About this exercise:
Copy task, pictures excluded: set down exactly the lines from the one containing "Zara Deep Blue" to the end of the data below.

╭──

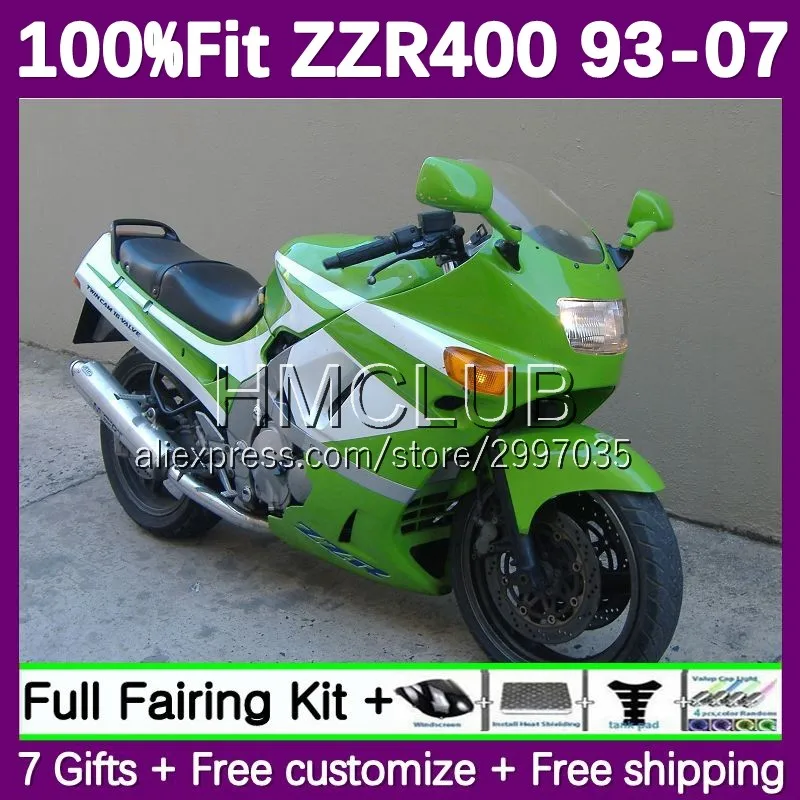 Fairing For KAWASAKI NINJA ZZR400 green stock ZZR 400 122No.22 ZZR-400 93 94 95 96 97 98 99 00 01 02 03 04 05 06 07 Injection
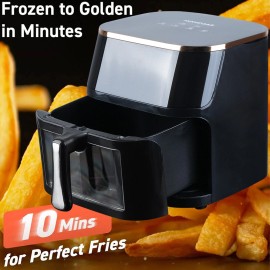 HOMEDAS Air Fryer 7.5QT 10-in-1 Oilless Digital LED Screen Presets, Easy-Clean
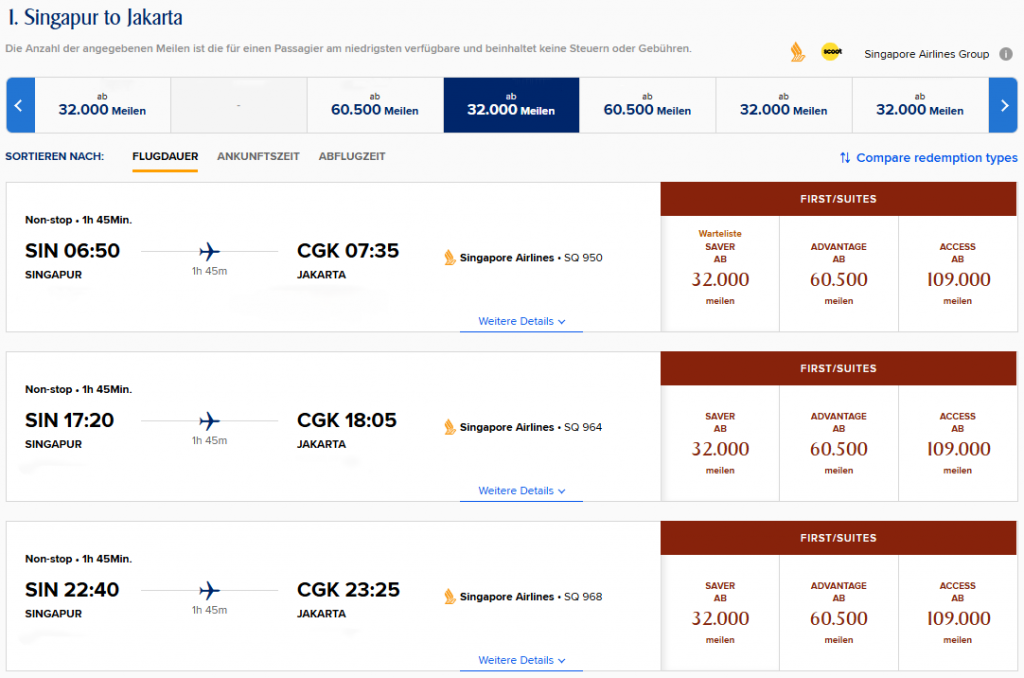 KrisFlyer Award Flight SIN CGK First Class Singapore Airlines 777 300 Update
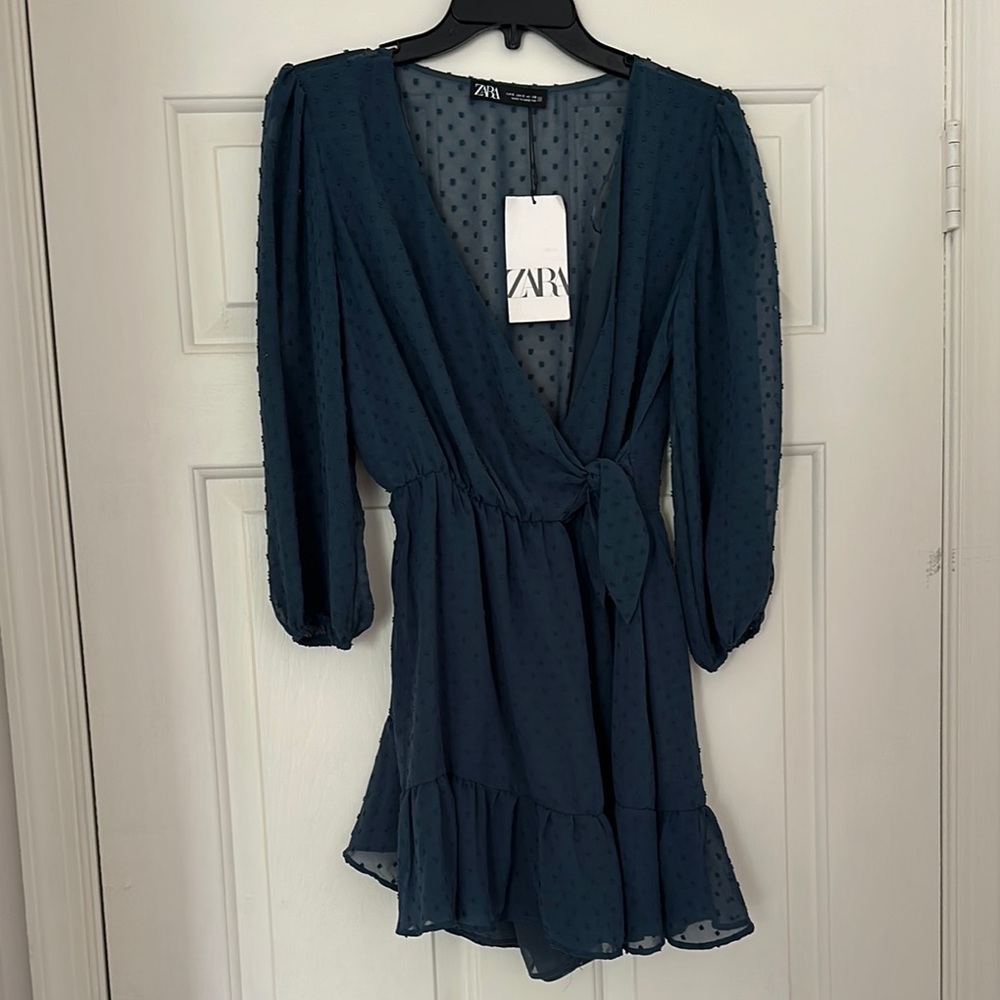 Zara Deep Blue Wrap Romper - Looks like Dress!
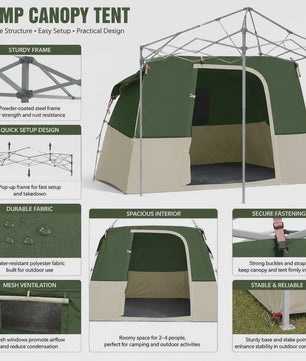 Ruime Outdoor Camping Tent 280x220x176 cm - Lichtgewicht Taffeta met Glasvezelstokken en Draagtas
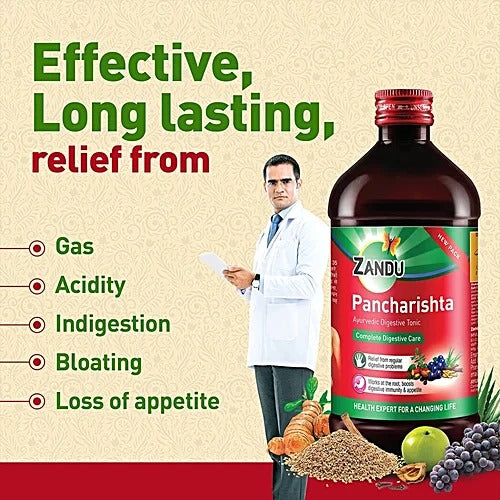 Zandu Pancharishta Ayurvedic Tonic - For Digestion, Acidity, Constipation & Gas Relief, 450 ml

╰──

Output of the task:
 Zara Deep Blue Wrap Romper - Looks like Dress!
 Ruime Outdoor Camping Tent 280x220x176 cm - Lichtgewicht Taffeta met Glasvezelstokken en Draagtas
 Zandu Pancharishta Ayurvedic Tonic - For Digestion, Acidity, Constipation & Gas Relief, 450 ml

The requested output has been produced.